PROVIDED RECORDS:
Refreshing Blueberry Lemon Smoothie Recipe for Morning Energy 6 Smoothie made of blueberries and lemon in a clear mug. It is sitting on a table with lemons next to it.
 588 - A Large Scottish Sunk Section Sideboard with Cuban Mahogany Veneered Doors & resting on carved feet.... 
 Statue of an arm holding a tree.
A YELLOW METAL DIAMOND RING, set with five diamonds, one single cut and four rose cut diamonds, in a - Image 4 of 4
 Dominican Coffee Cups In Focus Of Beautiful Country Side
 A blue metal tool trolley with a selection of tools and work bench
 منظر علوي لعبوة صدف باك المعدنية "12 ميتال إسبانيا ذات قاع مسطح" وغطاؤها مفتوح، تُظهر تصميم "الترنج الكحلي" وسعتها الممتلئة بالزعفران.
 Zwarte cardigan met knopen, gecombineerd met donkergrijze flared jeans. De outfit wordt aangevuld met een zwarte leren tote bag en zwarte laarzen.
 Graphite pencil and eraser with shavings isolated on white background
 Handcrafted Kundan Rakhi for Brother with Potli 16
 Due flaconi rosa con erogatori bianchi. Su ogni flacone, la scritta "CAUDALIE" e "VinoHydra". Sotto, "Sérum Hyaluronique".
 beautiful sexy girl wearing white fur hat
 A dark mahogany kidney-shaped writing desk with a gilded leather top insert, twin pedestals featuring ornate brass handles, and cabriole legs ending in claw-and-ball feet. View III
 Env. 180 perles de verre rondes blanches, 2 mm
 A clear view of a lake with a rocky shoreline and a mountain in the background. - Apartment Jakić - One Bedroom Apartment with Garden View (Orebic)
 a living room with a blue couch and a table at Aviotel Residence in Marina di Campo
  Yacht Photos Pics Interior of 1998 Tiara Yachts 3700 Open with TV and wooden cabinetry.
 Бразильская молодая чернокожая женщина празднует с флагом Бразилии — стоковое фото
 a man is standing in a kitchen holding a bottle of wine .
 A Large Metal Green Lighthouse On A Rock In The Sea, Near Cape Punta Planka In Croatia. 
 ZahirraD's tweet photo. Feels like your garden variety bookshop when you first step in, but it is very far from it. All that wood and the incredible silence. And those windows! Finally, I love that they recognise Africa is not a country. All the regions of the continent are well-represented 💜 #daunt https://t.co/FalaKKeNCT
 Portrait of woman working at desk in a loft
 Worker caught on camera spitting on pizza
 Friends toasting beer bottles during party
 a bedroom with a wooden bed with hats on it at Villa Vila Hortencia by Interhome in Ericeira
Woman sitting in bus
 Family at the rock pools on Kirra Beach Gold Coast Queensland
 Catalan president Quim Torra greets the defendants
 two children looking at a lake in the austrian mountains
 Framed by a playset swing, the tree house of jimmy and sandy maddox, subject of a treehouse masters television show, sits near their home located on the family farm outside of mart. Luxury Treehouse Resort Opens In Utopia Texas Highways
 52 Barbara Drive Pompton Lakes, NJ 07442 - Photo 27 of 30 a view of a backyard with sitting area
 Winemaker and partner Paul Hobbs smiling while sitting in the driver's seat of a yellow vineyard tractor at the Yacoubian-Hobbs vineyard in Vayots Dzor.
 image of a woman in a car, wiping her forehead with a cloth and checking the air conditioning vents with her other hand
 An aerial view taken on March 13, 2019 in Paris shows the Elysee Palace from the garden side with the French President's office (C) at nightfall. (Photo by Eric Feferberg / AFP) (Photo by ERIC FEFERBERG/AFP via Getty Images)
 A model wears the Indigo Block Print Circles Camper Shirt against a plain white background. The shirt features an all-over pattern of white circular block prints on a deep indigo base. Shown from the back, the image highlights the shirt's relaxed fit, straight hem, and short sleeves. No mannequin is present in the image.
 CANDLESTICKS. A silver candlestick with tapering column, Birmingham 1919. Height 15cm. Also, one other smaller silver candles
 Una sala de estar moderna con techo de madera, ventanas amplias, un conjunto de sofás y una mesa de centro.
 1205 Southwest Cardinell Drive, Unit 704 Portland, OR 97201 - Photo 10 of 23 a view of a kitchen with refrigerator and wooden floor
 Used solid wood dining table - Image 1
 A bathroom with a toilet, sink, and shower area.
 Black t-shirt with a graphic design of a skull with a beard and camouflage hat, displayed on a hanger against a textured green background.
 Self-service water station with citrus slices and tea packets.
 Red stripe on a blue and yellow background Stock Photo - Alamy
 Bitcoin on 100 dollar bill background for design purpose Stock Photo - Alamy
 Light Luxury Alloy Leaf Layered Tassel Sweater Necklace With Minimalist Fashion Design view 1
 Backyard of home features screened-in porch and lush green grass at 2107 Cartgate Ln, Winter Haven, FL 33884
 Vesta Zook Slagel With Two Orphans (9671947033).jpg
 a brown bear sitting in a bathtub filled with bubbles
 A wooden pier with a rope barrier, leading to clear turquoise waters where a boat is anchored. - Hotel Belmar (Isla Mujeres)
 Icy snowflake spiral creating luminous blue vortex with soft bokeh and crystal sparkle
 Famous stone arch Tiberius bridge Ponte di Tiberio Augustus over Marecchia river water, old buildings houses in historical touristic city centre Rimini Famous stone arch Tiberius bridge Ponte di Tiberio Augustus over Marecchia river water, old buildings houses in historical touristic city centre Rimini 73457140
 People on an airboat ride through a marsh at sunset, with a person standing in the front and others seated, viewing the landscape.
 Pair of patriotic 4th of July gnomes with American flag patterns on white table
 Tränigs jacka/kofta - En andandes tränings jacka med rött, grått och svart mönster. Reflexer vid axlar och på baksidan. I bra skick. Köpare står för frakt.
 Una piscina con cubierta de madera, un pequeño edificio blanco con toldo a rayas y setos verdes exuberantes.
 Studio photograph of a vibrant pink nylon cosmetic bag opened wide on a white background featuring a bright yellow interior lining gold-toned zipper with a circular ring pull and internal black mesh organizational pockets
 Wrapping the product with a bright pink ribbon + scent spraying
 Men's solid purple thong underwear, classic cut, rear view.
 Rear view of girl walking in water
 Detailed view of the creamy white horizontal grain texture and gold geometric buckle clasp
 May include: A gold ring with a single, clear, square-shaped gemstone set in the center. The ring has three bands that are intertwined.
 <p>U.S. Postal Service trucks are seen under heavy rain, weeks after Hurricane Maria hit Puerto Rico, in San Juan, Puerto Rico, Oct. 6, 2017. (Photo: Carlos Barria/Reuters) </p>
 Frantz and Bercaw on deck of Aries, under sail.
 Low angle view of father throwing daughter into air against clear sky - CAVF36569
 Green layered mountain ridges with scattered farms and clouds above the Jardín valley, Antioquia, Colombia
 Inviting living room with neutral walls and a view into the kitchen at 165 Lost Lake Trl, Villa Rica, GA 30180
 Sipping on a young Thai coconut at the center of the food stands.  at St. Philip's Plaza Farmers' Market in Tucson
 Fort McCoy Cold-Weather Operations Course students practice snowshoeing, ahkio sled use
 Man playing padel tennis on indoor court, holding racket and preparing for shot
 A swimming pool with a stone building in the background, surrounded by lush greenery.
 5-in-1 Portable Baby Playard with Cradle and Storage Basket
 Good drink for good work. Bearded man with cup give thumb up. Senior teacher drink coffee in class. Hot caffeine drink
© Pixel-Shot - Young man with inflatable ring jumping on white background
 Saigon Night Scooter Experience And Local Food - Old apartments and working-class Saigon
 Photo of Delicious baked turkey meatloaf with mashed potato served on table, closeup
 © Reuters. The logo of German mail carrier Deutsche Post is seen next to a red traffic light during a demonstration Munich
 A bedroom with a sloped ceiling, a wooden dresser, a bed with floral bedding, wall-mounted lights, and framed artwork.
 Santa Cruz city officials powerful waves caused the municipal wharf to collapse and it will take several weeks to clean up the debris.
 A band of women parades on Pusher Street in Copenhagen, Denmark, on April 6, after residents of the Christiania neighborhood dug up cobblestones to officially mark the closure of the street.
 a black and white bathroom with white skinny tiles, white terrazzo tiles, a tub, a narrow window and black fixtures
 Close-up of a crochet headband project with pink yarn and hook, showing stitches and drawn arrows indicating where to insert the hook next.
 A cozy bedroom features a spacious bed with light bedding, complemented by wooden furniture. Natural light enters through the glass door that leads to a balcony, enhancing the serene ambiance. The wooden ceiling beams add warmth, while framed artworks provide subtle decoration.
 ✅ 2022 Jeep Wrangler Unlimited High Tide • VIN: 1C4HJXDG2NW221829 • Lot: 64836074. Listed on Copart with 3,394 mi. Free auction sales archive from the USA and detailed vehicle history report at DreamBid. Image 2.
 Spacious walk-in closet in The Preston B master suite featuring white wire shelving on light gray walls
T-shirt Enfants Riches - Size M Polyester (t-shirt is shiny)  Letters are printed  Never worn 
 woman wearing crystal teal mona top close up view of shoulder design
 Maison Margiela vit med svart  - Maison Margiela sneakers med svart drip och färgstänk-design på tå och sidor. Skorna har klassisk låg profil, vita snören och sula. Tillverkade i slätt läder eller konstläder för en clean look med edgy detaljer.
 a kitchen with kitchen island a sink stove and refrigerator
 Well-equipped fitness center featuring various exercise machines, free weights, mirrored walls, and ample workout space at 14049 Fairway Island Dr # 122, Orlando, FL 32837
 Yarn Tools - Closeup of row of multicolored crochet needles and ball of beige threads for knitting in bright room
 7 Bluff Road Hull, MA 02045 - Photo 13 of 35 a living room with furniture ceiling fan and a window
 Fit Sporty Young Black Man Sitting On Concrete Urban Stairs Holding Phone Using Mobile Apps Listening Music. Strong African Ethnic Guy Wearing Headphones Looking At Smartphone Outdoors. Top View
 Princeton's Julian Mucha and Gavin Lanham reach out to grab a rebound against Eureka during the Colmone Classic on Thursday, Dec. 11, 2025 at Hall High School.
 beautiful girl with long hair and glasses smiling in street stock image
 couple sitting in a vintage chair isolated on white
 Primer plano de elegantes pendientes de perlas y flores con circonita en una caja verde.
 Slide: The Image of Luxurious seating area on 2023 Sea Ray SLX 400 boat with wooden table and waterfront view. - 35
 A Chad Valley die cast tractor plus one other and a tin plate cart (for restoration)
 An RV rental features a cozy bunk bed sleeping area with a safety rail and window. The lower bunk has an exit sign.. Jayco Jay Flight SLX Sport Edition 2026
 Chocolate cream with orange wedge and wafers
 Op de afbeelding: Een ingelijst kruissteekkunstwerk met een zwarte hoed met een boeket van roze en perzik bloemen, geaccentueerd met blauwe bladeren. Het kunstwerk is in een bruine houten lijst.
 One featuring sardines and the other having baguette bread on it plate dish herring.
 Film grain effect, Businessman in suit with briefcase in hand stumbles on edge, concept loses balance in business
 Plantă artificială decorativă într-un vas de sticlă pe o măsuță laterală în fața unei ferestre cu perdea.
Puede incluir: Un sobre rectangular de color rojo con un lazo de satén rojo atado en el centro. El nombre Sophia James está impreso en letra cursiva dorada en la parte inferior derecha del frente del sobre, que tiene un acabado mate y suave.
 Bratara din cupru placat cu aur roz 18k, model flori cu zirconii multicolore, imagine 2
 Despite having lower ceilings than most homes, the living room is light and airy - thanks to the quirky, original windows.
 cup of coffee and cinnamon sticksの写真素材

PROBLEM DETAILS:
Count the lines above that include the word "tractor". Reply with that number alone.

COMPLETED EXERCISE:
2